Abdelaali El Badaoui, entrepreneur social, fondateur de l’association Banlieues Climat était interrogé sur le pouvoir d'agir des citoyens et les moyens pour le renforcer. Il a insisté sur le travail d'organisations comme Emmaüs qui ont marqué son parcours et l'action qu'il porte au sein de Banlieues climat pour co-construire avec les habitants les réponses d'intérêt général aux besoins identifiés. Il utilise la métaphore du "plancton" sans lequel aucune biodiversité marine est possible : pour lui l'Economie Sociale et Solidaire joue un rôle similaire dans la vie de nombreux quartiers.

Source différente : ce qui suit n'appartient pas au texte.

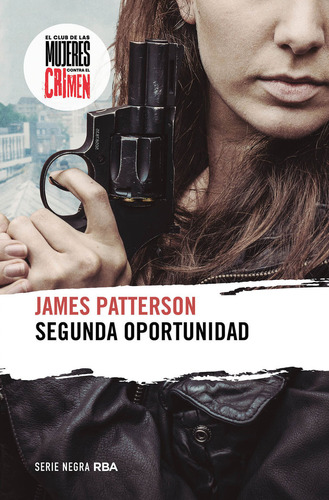 Libro Segunda Oportunidad - Patterson, James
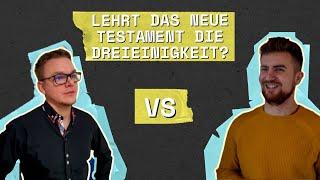 Debatte: Lehrt das Neue Testament die Dreieinigkeit?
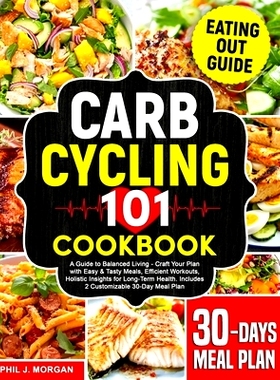 预订 Carb Cycling 101 Cookbook: A Guide to Balanced Living - Craft Your Plan with Easy & Tasty Meals, Efficient Workouts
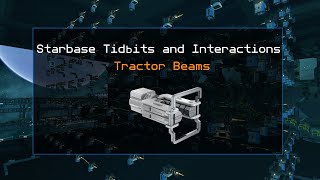 Starbase | Tidbits and Interactions: Tractor Beams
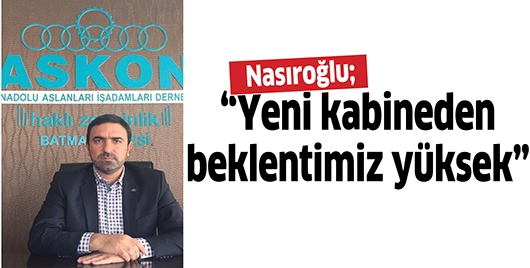 &ldquo;YENİ KABİNEDEN BEKLENTİMİZ Y&Uuml;KSEK&rdquo;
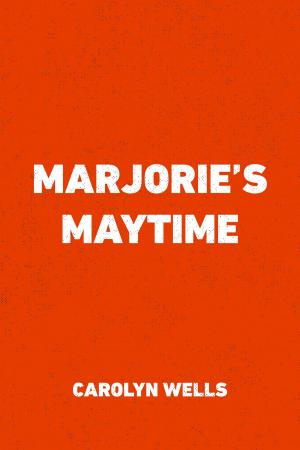 Book cover of Marjorie's Maytime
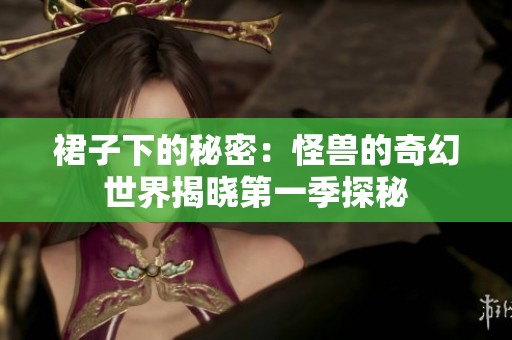 裙子下的秘密：怪兽的奇幻世界揭晓第一季探秘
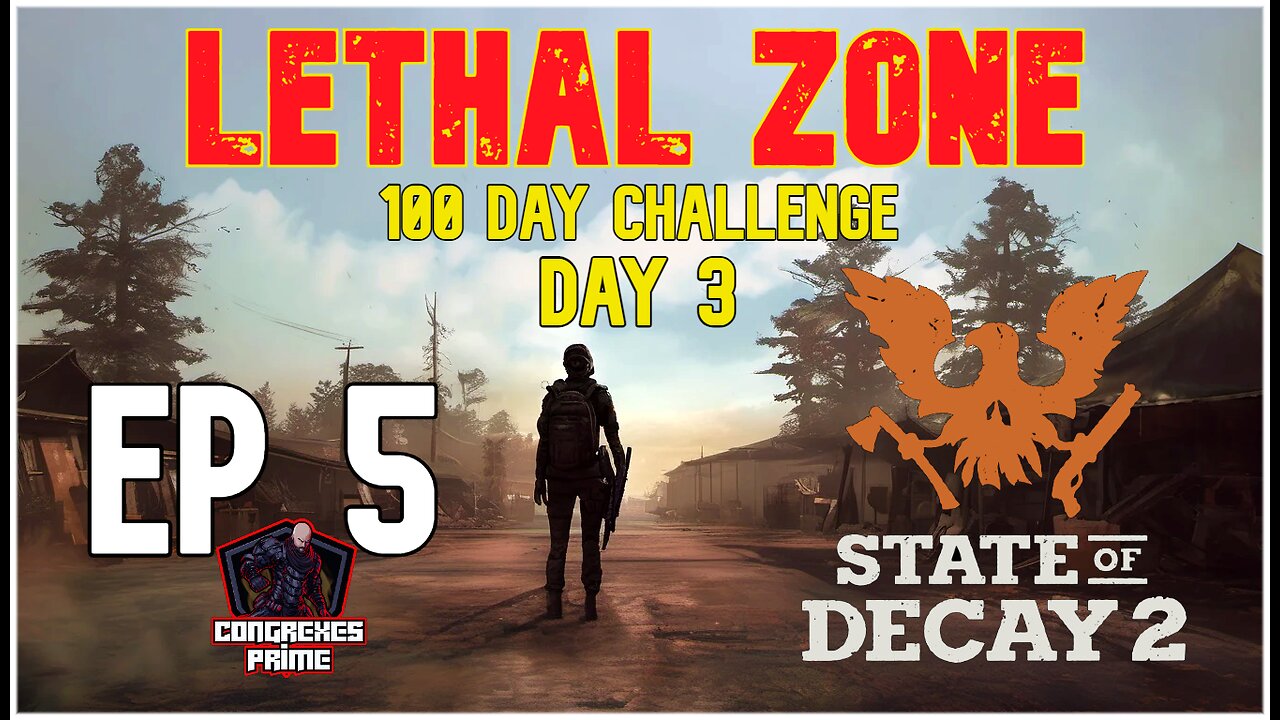 State of Decay 2 - Lethal Zone 100 Day Challenge DAY 3 EP 5 "Pressured"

Amandine Lebreton, directrice du Pacte du Pouvoir de Vivre, a répondu à la question "Comment co-construire des politiques publiques avec la société civile organisée ?". Elle a mis en exergue le rôle de la société civile organisée et la nécessité d'espaces de réflexion collective et d'actions pour réparer la démocratie face à la verticalité du pouvoir et à la détérioriation de la concertation. Elle identifie 4 leviers :
- Le temps long : les coups de communication ont un effet délétère, il faut construire des processus sur le long terme
- Se retrousser les manches : les sujets sont complexes, il faut y être prêt
- Créer des espaces de confrontation, qui ne nient pas le débat et lui donne un lieu d'expression
- Accepter le compromis, sortir de son couloir de nage, accepter les différences
Lionnel Rainfray, à la tête du comité ESS du Medef a était interrogé sur l'apport des entreprises à la réalisation d'un bien commun. Il a noté des évolutions au sein de l'économie conventionnelle, où les entreprises sont plus nombreuses à sortir d'une logique uniquement de "profits" pour prendre "leur part" dans les enjeux sociétaux tels que la transition écologique, la création d'emploi et le partage de richesses, le sens au travail. Au sein du comité ESS du Medef, un travail a lieu pour créer des forums régionaux avec les Chambres régionales de l'ESS pour faire des ponts entre l'économie conventionnelle et l'Economie Sociale et Solidaire. L'objectif est que les entreprises conventionnelles puissent s'inspirer des valeurs et projets portés par l'ESS. Il a également insisté sur les enjeux de RSE et de responsabilité territoriale des entreprises auxquels l'ESS apporte une forte contribution.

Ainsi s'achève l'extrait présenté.